I didn't have a lot of time this week to check it more clearly but I was wondering about the current implementation of MAPQ as // MAPQ = 40(1−s2/s1) ·min{1,|M|/10} · log s1 in the get_MAPQ function.

Where did this definition arise? As I understand it we would want to put our best guess for the probability that the alignment is wrong in the MAPQ score. So here we take 1 minus the ratio of best to second-best alignment and scale that to 40, i.e. if the alignments are equally good then we end up with MAPQ 0. Since 0*.

Now here is a fun question, if I have exactly two alignments and they are equally good and not discarded because of bad alignment score, would I assume the probability of a given alignment being wrong as 1, implying a MAPQ of 0, or would I assume the probability is 1/<#equally good alignments> and in this case 0.5 with a resulting MAPQ of around 3?

It seems like there is a bit of an issue with this, in the sense that there are no 'correct' MAPQ scores we can benchmark against, since that really depends on the algorithm and our choices.

For reference: -10*log10(c(0.0001,0.5,0.9999,1.0)) 40 3.01029 0.00043 0

PaulPyl avatar Sep 22 '22 09:09 PaulPyl

Not at a computer so excuse my brevity and guessing.

First, our formula is from minimap2 I believe (see paper) if my memory is correct. If not, it’s from BWA.

Good example. I think this is where MAPQ scores from BWA/Bowtie2/tophat differs. Tophat uses the p=0.5 -> MAPQ=3 while bowtie or BwA use 0 whenever multiple identical. I’m not sure what makes sense. Following the initial interpretation of MAPQ, 3 would perhaps mimic the idea of the formula better.

see paper in issue #25 for some ideas.

ksahlin avatar Sep 22 '22 09:09 ksahlin

Thanks, I will have a look over the paper as well. Maybe we need to have a discussion at some point to define what we want to go with. It might just be doing the same as minimap2?

PaulPyl avatar Sep 22 '22 09:09 PaulPyl

I think we can do better because our seeding is different to minimap2 and we should probably should take advantage or at least customize for that.

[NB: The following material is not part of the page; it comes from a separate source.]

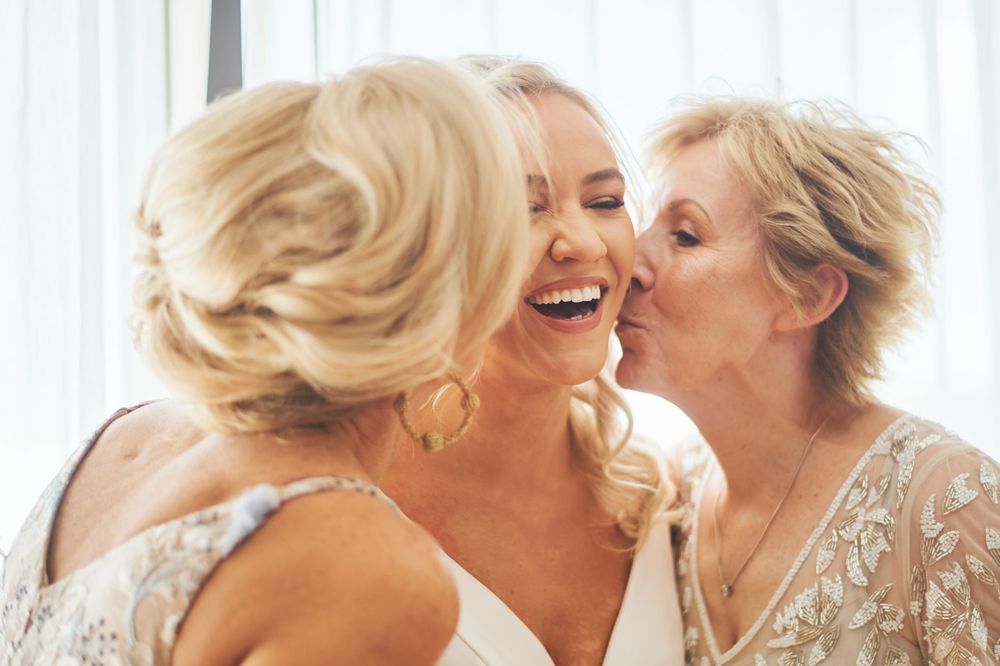 Wedding party members share joyful laughter and embraces while getting ready.
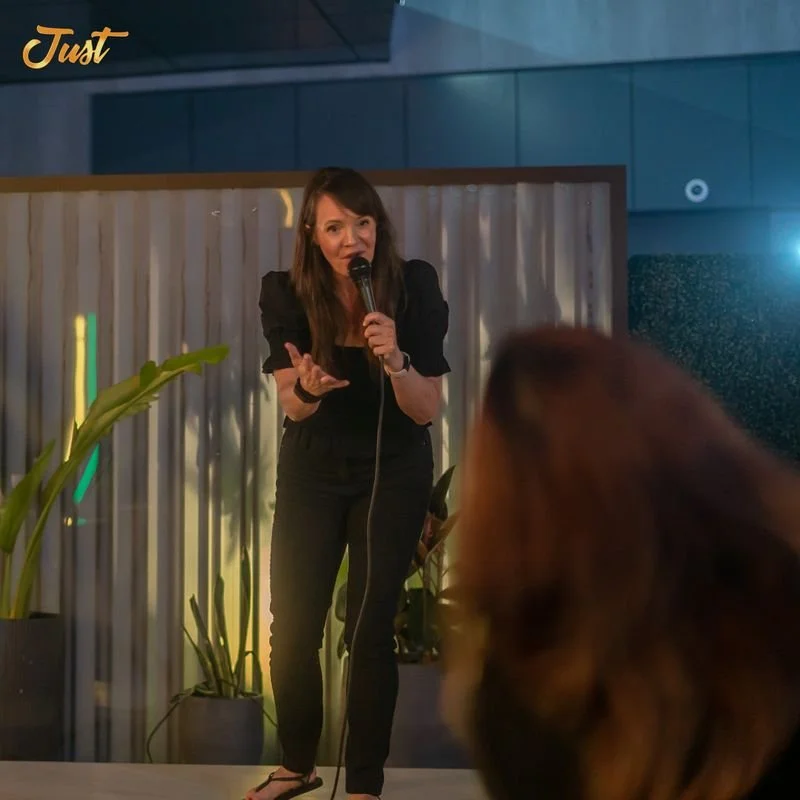Woman performing stand-up comedy on stage, holding a microphone, with audience in the foreground and plants in the background.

If any mapper is worth replicating, it is BWA-MEM (see the Twitter thread linked to in issue #25 ). Basically, for variant calling, it matters more that the aligner is better predicting whether it is correct rather than being actually correct with its mappings (thread summary). This is where BWAMEM shines.

so a first concrete goal is to identify and fix clear differences to BWA-MEM. For example, the instance you identify above seems not to make sense in strobealign. What is the BWA-MEM mapping equivalent?

ksahlin avatar Sep 22 '22 10:09 ksahlin

I’ll try to move the discussion over to #25 (discussion in this PR should preferably be only about the refactoring itself).

marcelm avatar Sep 23 '22 10:09 marcelm

Paul, your most recent commit made it so that all the changes are reverted (so the PR is "empty"). What are your plans for this PR?

marcelm avatar Oct 10 '22 08:10 marcelm

I commit here the changes I wanted to do to align_SE, making it use get_alignment and get_MAPQ internally. The checks fail because the MAPQ values are not identical, but since there is no real ground truth this is a bit of an arbitrary hurdle, at least until we have defined how our MAPQ calculations should be done (as we discuss in #25). Fun fact, since I merged the main branch I can't compile it on my mac anymore, I wonder if anyone else has a mac to check if this is a general problem or if I just messed up my local environment somehow o.O

PaulPyl avatar Oct 18 '22 07:10 PaulPyl

@PaulPyl , I am also having problems installing on mac as I reported in https://github.com/ksahlin/StrobeAlign/issues/102. I haven't tried to compile strobealign since before summer though, so cannot say whether this is a recently introduced problem.

ksahlin avatar Oct 21 '22 13:10 ksahlin

Ok, this PR now compiles again but the checks fail because the MAPQ values are not matching anymore. This relates to #25 but I am unsure how to proceed. We should rework aln.cpp so that the align_SE function calls get_alignment and get_MAPQ and then make sure those two work as expected. For get_MAPQ we maybe need to define what "as expected" would mean.

PaulPyl avatar Oct 26 '22 10:10 PaulPyl

I wish I had a good solution for this.

I think the MAPQ question is more of an open-ended research question. Do the reads seem to have a more logical MAPQ value after your fixes in this pull request? If so I wouldn't mind a merge.

It is on my plate to implement a smaller benchmark for this (in addition to rerunning the larger benchmarks I used for the paper).

What does Marcel think?

ksahlin avatar Oct 26 '22 13:10 ksahlin

I closed this and deleted the branch, I think that issue needs a new run at it. Maybe after addressing the MAPQ score calculation.

PaulPyl avatar Oct 27 '22 13:10 PaulPyl

Hm, sorry; it looked so nice to get rid of this amount of code ... maybe we should try to duduplicate/refactor this in smaller steps?

Please let me know when/if you start to work on this again. I wanted to do a couple of things that touch the align_SE function and don’t want to cause unnecessary merge conflicts.

marcelm avatar Oct 27 '22 22:10 marcelm

You can go ahead and work on align_SE for now, I will let you know if I come back to it.

PaulPyl avatar Oct 28 '22 08:10 PaulPyl